Non-farm payrolls show strength, while the ADP private survey reveals a job decline. Historically, these two surveys often report differing results. In June, non-farm payrolls noted an increase of 147,000 jobs, whereas ADP recorded a decrease of 33,000. Notably, half of the job gains in the official data were from government hiring, which ADP does not include.
One idea for this discrepancy is related to immigration patterns. The ADP survey may better reflect jobs held by undocumented immigrants than government data does. These workers might be paid in cash or find ways to work without being noticed, and such jobs could decrease due to stricter enforcement actions.
Companies and immigrants might hesitate to report undocumented work in official non-farm payroll surveys. They could fear negative consequences or choose not to participate. Government data might show a replacement of jobs held by undocumented immigrants with legal workers, which could help explain the high hiring numbers. However, there isn’t strong evidence to support this theory.
These gaps in employment reports have impacted financial markets, leading to a rise in the US dollar and lowering expectations for interest rate cuts by the Federal Reserve. The role of immigration in the US economy remains critical and deserves close observation.
This article highlights a common issue: two different measures of job creation in the US—the non-farm payrolls and the ADP private survey—often produce conflicting results. Recently, this gap has become more pronounced. While government data showed job growth, private data suggested a decline. Much of this job growth in the official figures came from sectors not covered by the ADP survey, like government roles, which is important for understanding the US economy’s overall direction.
One explanation for this divide centers on immigration. There’s speculation that the ADP survey accounts for employment types that the official data might miss, like off-the-books workers or those not tracked by the government. These differences can become more noticeable with increasing immigration enforcement or when certain industries hire more legal workers instead of undocumented ones. While government figures show one story, ADP might capture a different perspective based on who they include in their data.
However, this idea remains largely untested. While plausible, it lacks comprehensive measurable evidence. The markets have noticed these differences. Consequently, the dollar’s value has risen, and the chances of interest rate cuts have decreased. Traders are responding to the more optimistic government data, which creates its own effects.

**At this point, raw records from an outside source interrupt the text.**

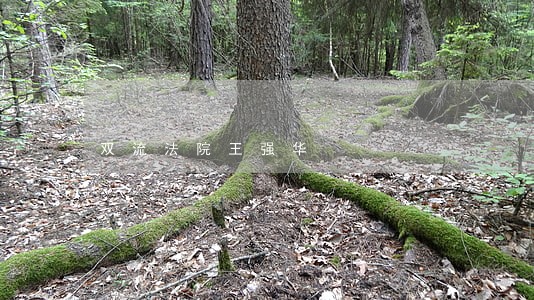 双流法院王强华
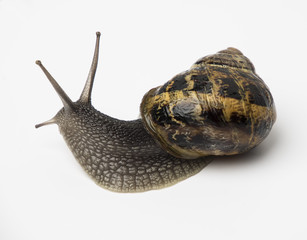 Caracol común o de jardín aislado sobre fondo blanco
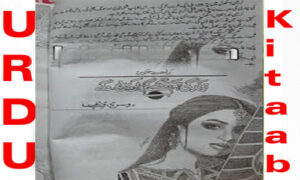 Read more about the article Zindagi Hum Tujhe Guzaren Ge By Rahat Jabeen Episode 14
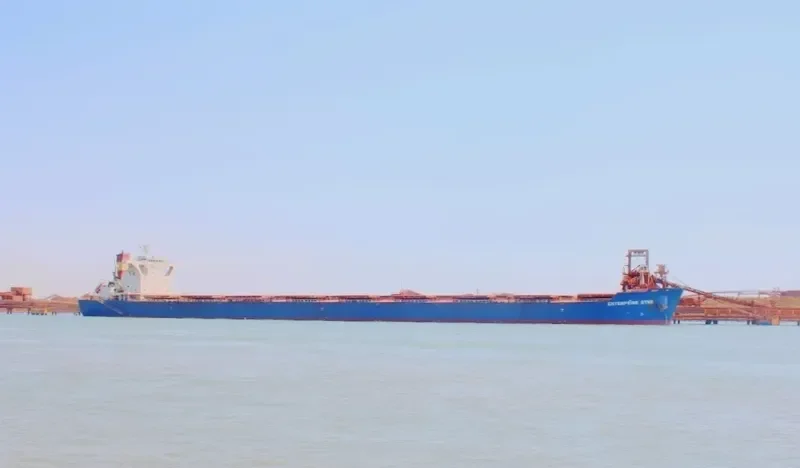 ENTERPRISE STAR Bulk Carrier IMO 9423968 photo 2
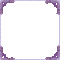 frame purple bp
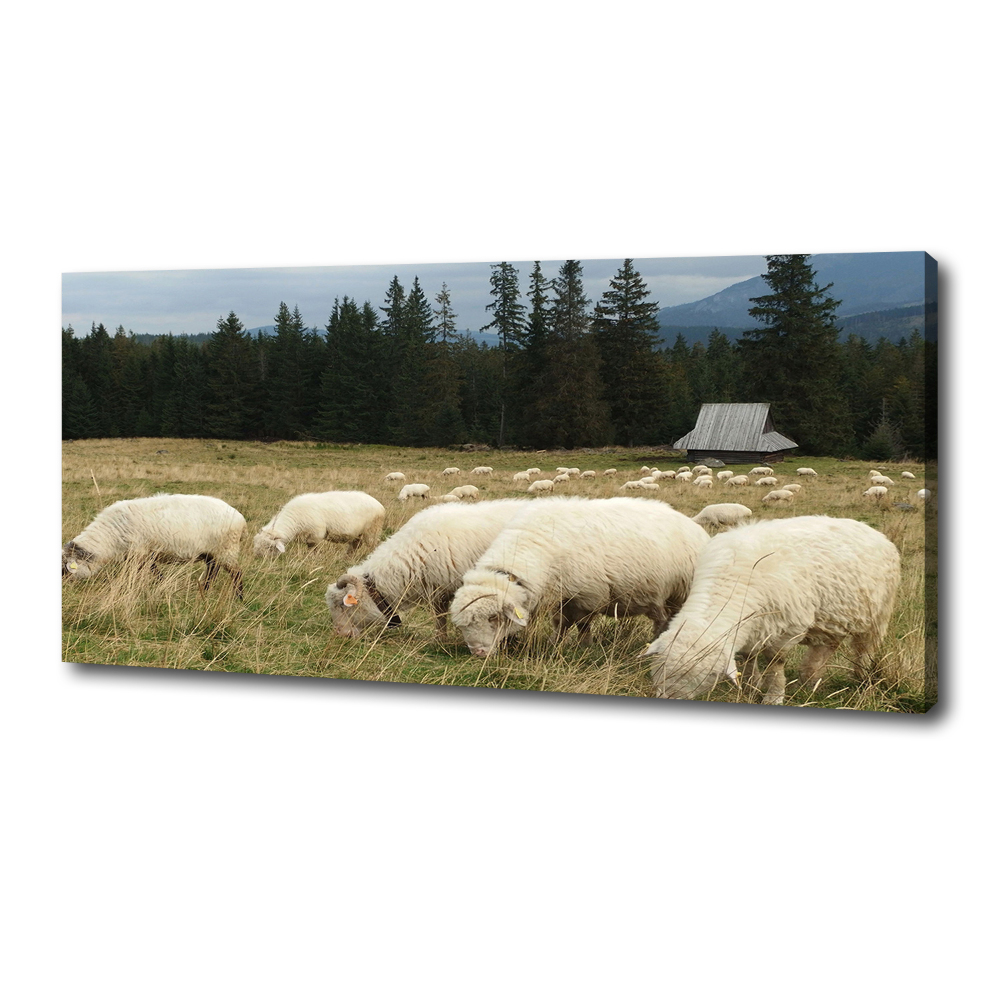 Foto obraz na płótnie Pasące się owce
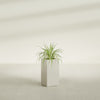 Hollywood Medium Rectangle Fiberglass Planter - 12 in x 12 in x 24 in - Satin Beige - Satin Beige,12 in x 12 in x 24 in
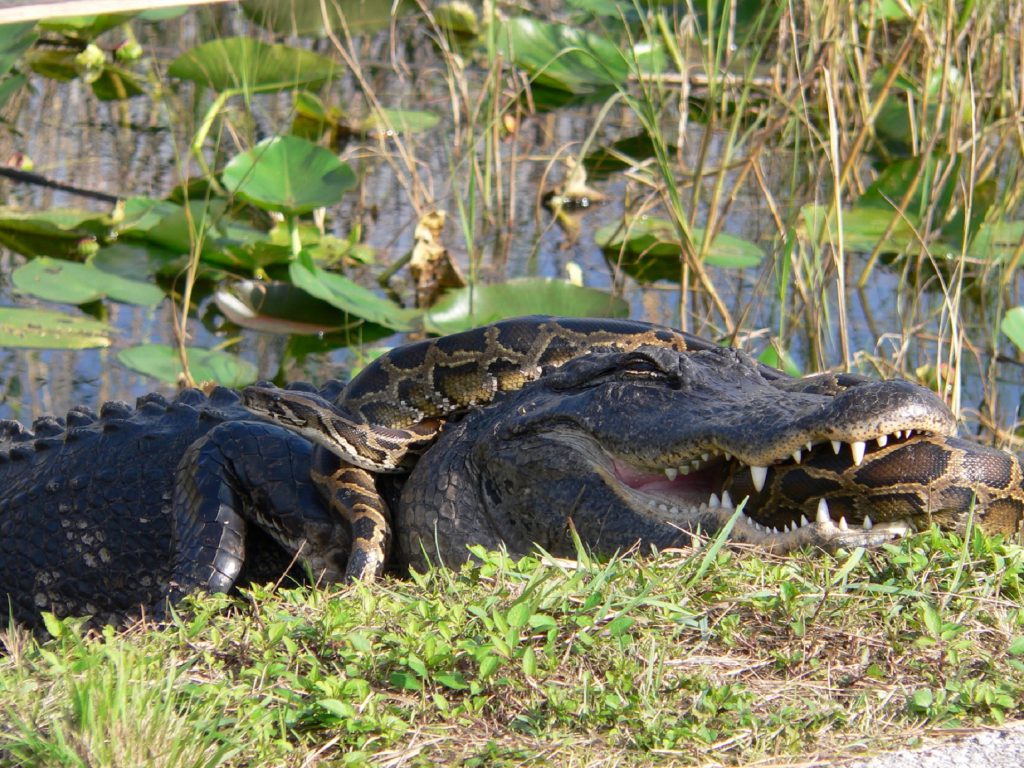Sonhar com Crocodilos e Anacondas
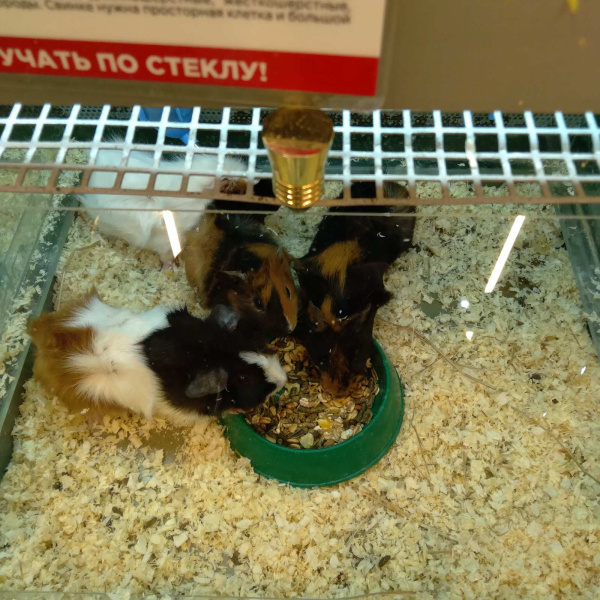 izobrazhenie_viber_2020-12-28_16-16-32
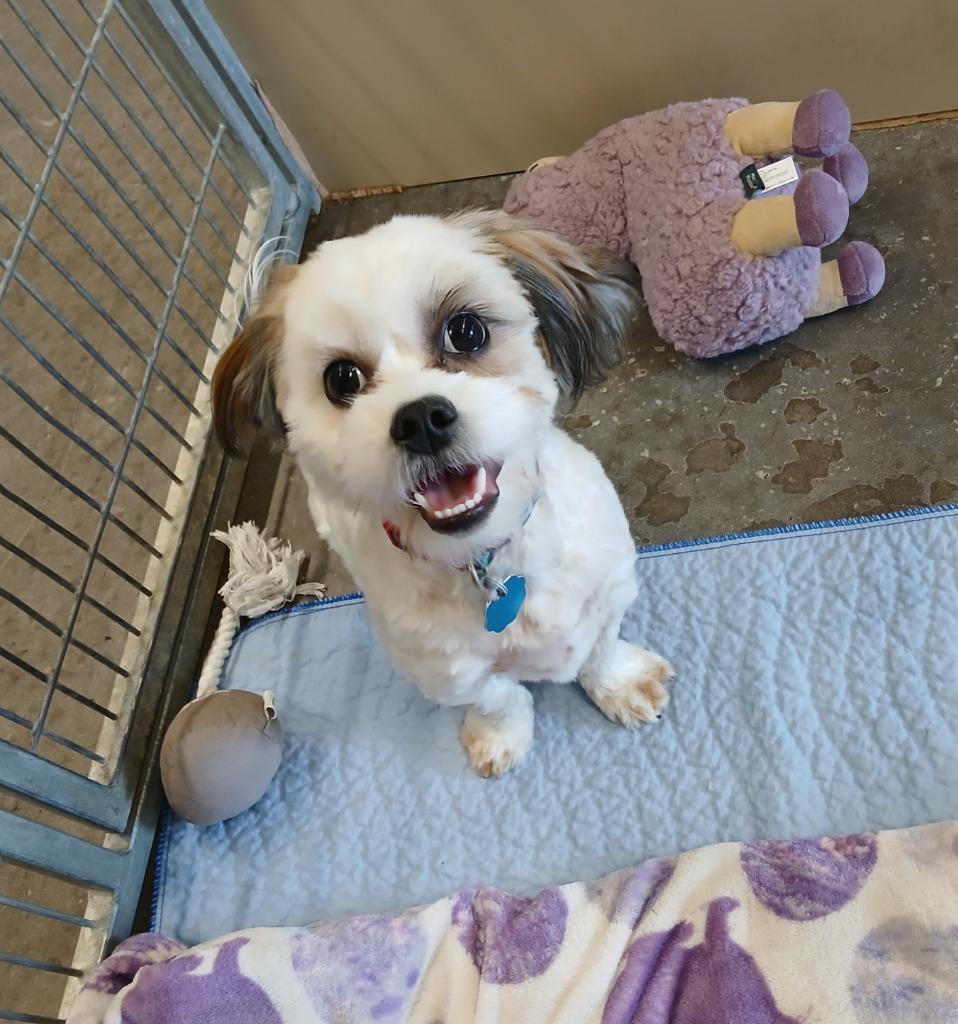 Comet, a Adopted mixed breed in Ladysmith, WI image 2/2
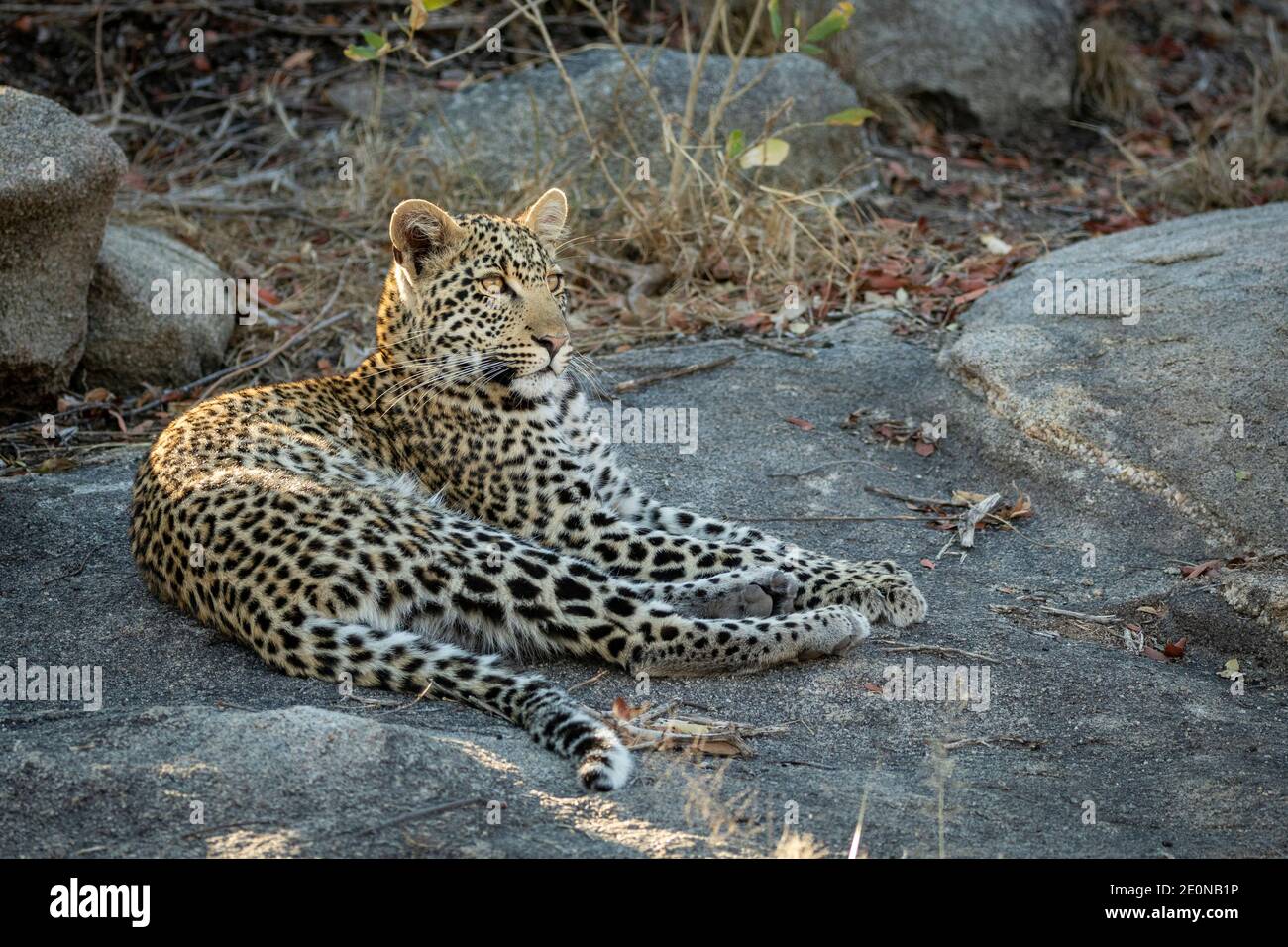 Leopard with big whiskers and beautiful eyes resting on a large rock looking alert in Kruger Park in South Africa Stock Photo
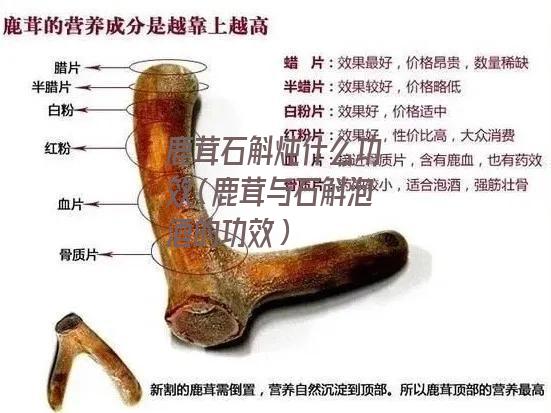 鹿茸石斛炖什么功效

In situations like this, gaps between actual data and market reactions can create trading opportunities, but they also carry higher risks. It’s essential to differentiate between lasting changes and temporary distortions. Future employment reports could reshape expectations. The varying speed of data revisions and how different sectors weigh in the surveys may open pathways for inefficiency.
Given this context, we adjust our views for the short term. When government hiring drives much of the payroll growth, we should be cautious about assuming broader economic strength, especially since those jobs often do not reflect changes in consumer demand or confidence in private businesses. If we see more divergence, we’ll focus closely on sectors that show cyclical strength. Policymakers usually react to main figures, but significant differences between indicators could complicate their future decisions.
Price movements in short-term yields are especially influenced by this changing outlook. If government-related hiring does not translate into real wage growth or boosts in private spending, inflation risks may decrease more quickly than anticipated. In that scenario, the adjustments seen this month could reverse. For now, though, we expect heightened volatility around key data points, and we’ll adjust our positions selectively in response to upcoming reports.